One of the most common complaints I hear about nonprofit Board meetings is that they are long, dull, and boring.

I’ll have to agree.  I’ve sat through a few that were mind-numbing.  Meetings like this will run off good Board members in a flash.

So how do you change it?

First, use a consent agenda.

This is a way of structuring your meeting so that you can handle the routine things quickly.

For example, on your consent agenda, include things like

  • minutes
  • finance report
  • committee reports
  • Executive Director report

All these things must be in writing and should be sent to Board members several days before the meeting.  It is each Board member’s responsibility to read the items before the meeting.  At the meeting, all these items are voted on at once.

If anyone wants to discuss a particular item, that item is pulled off the consent agenda and placed on the table for discussion.  Otherwise, there’s only one motion to approve (instead of individual motions for each item) and one vote.
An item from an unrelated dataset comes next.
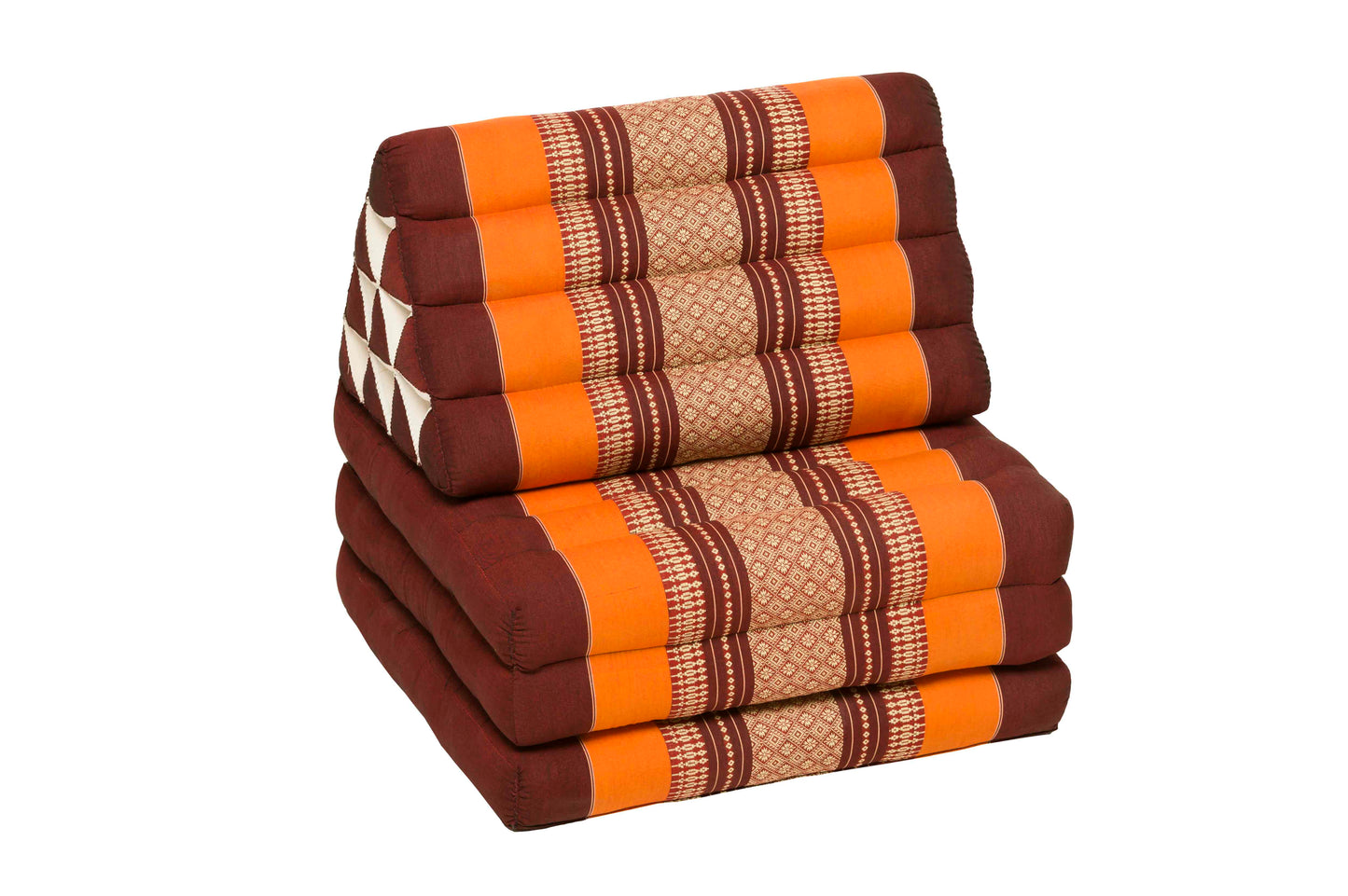 Klassische Thaimatte mit Dreieckskissen 170x50 cm (braun & orange)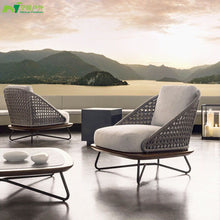 Load image into Gallery viewer, Nordic Outdoor Sofa Small Tea Table Combination Balcony Rattan Chair Table Chair Three Piece Set Courtyard Leisure Living Room Rattan Weaving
This alone can save you tons of time!

The rest of your Board meeting should include

1. Items needing conversation among Board leaders, Board members, and staff

2. Items needing a decision or a vote

3. Big-picture thinking and planning

If you can stay focused on those things that matter to Board members (like big-picture thinking) and make sure each Board member is involved in the conversation, you’ll have a much more satisfying experience at your Board meetings.



  1. Sandy, you are so on!! Concent agendas represent lots of time saved. You are so very correct in the importance of simplifying tasks for your nonprofit boards. Since now is the end of the fiscal year for some, start out fresh by incorporating the process of a consent agenda with your very first Board Orientation meeting. Remember to report back to us how it works out. Charlaine Hood

  2. Also, get the agenda out to Board members at least 1 week before the meeting, and make it a 1 page agenda. Call and follow up and see if they read it the day after.

    This can help a lot of people read your agenda before they get there.


    • Yep, you’re right. Actually, it’s critical with a consent agenda to get the materials to the Board members several days in advance so they can be prepared when meeting time rolls around.


  3. I absolutely could not possible agree with you more about consent agendas! You are SO on target!!!!! If your email got even 1 board to change to consent agendas, it was well work it!!!! Thank you!!!